In the comment thread of my last post, some of us mentioned that it’s hard for us to understand the point of view of Christians who believe the Bible can be inspired by God, without holding to the doctrine of inerrancy. unkleE left the following comment:
How is it that in everything else in life – whether it be ethics, or politics, relationships, science, history, law, even disbelief – we are willing to make decisions based on non-inerrant evidence and reasoning, but when it is belief in God we require inerrant evidence? I reckon your first thought might be that the stakes are so much higher. But that logic applies to disbelief as well. If we applied that logic, no-one would be an atheist because they didn’t have inerrant knowledge for that conclusion.

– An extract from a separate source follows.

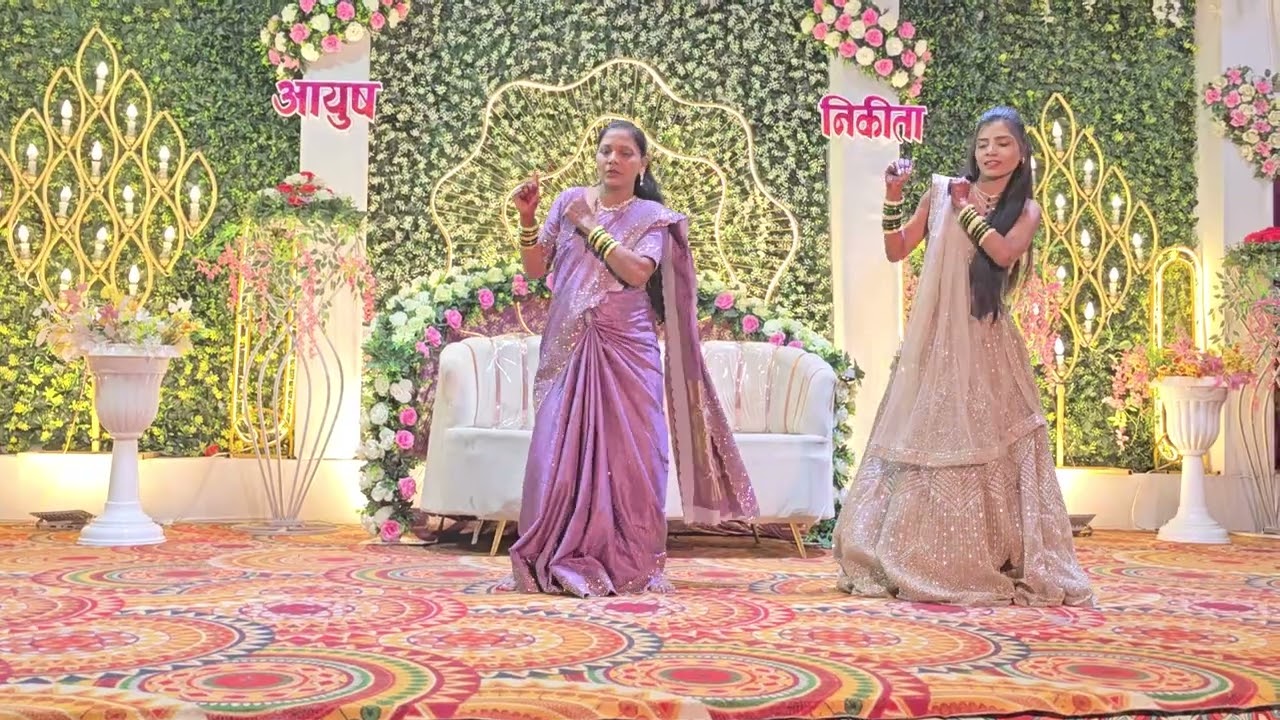 Bride and mother  DANCE #weedingdance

You would not have any belief either way until you gained inerrant knowledge.
He then suggested that I might want to do a post on this topic (you’re reading it!), but there were also a couple of other comments that I think are worth including here. nonsupernaturalist said this:
My answer would be that ethics, politics, relationships, science, history, and law do not involve supernatural claims. When someone makes a supernatural claim, the standard of evidence required by most educated people in the western world to believe that claim is much, much higher than a claim involving natural evidence.

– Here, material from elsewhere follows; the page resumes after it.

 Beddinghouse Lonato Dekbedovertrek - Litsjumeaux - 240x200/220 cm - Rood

Let’s look at “history”. If someone tells me that most historians believe that Caesar crossed the Rubicon or that Alexander the Great sacked the city of Tyre, I accept those claims without demanding a great deal of evidence. However, if someone claims that the Buddha caused a water buffalo to speak in a human language for over one half hour or that Mohammad rode on a winged horse to heaven, I am going to demand MASSIVE quantities of evidence to believe these claims.
I think that most Christians would agree with my thinking, here, until I make the same assertion regarding the bodily Resurrection of Jesus. Then Christians will shake their heads in disgust and accuse me of being biased and unreasonable.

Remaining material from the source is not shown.